**TO DO**
For this exercise, write out only the lines of the entries below from the one with "Wholesale Thin Breathable" up to and including the one with "Treasure Garden AKZ Plus Cantilever Umbrella", exactly as they are. Pictures stay out.

**EXTRACTED ENTRIES**
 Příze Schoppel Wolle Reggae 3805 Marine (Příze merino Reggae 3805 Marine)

--

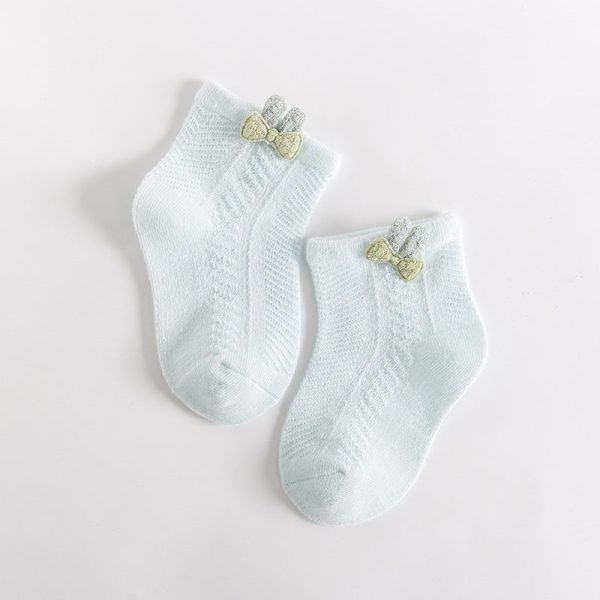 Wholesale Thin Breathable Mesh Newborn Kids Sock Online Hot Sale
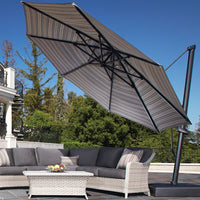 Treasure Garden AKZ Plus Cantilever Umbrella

---

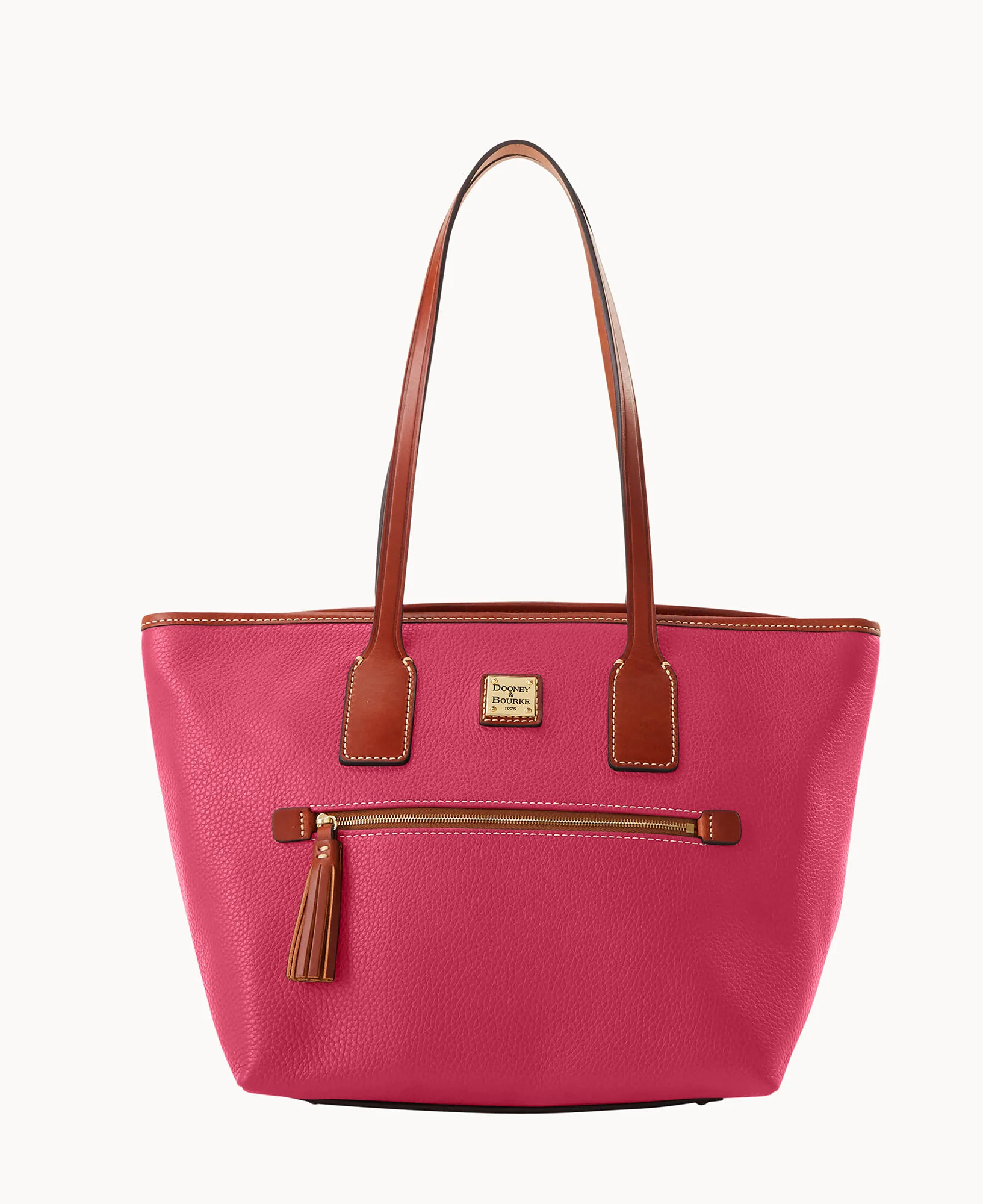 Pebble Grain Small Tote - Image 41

**EXPECTED OUTPUT**
 Wholesale Thin Breathable Mesh Newborn Kids Sock Online Hot Sale
 Treasure Garden AKZ Plus Cantilever Umbrella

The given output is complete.